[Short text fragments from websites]
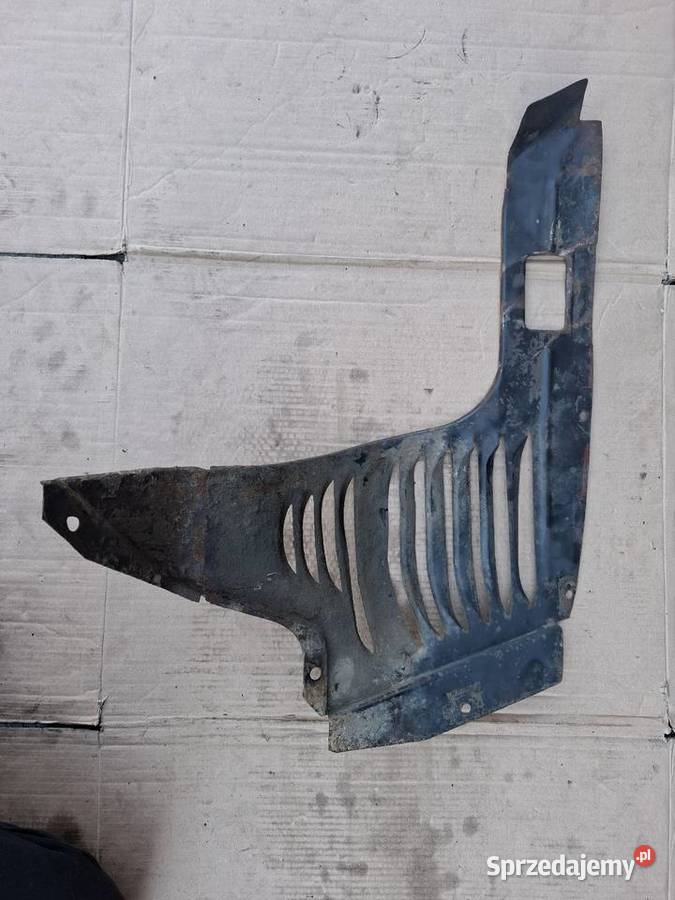 Oslona pod silnik gitara silnika blacha Fiat Strzelce Opolskie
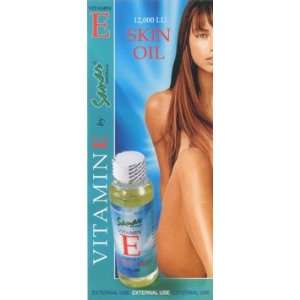    Sanar Vitamin E Skin Oil   12,000 IUs 2 Oz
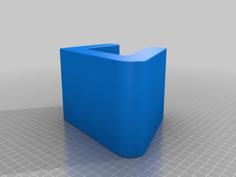 Remix From Remix Of Zx82net Bookshelf Speaker (Hexibase Remix) V2 3D Printer Model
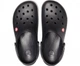Сабо Crocs Crocband Clog Black M8W10-40-26 см 11016-W - изображение 4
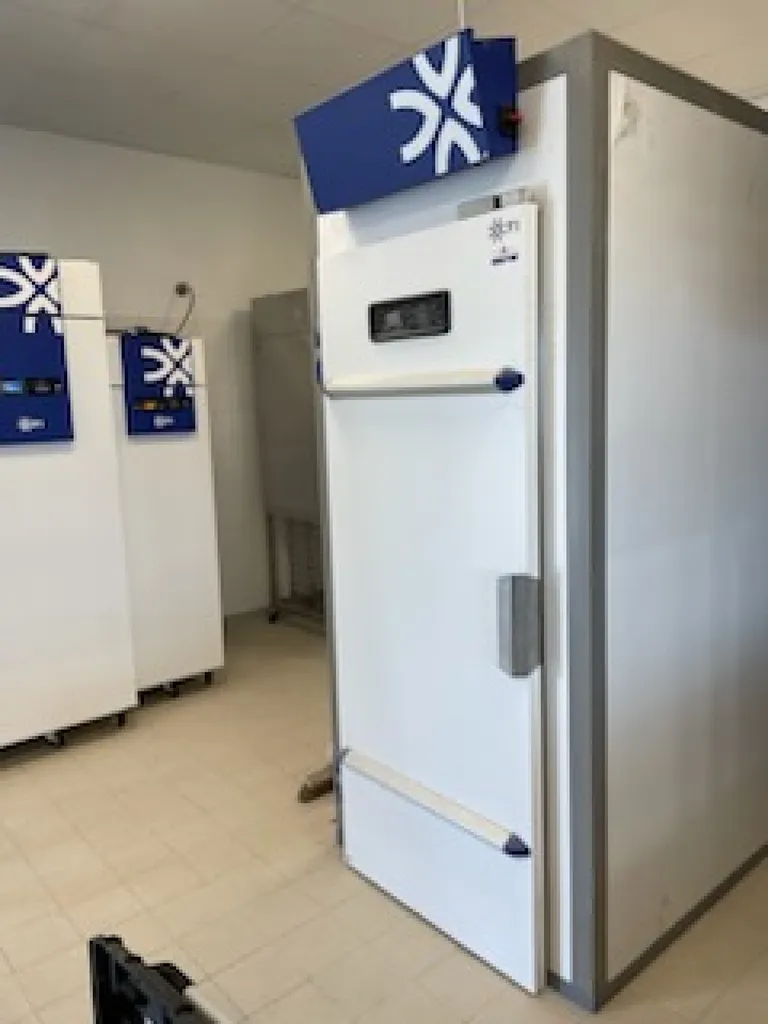 Professionnel pour la création d'une boulangerie avec chambre de pousse proche Barentin 76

## Try it
Each record must be quoted in full and exactly. Do not include the pictures.

## Exercise output
 Oslona pod silnik gitara silnika blacha Fiat Strzelce Opolskie
    Sanar Vitamin E Skin Oil   12,000 IUs 2 Oz
 Remix From Remix Of Zx82net Bookshelf Speaker (Hexibase Remix) V2 3D Printer Model
Сабо Crocs Crocband Clog Black M8W10-40-26 см 11016-W - изображение 4
 Professionnel pour la création d'une boulangerie avec chambre de pousse proche Barentin 76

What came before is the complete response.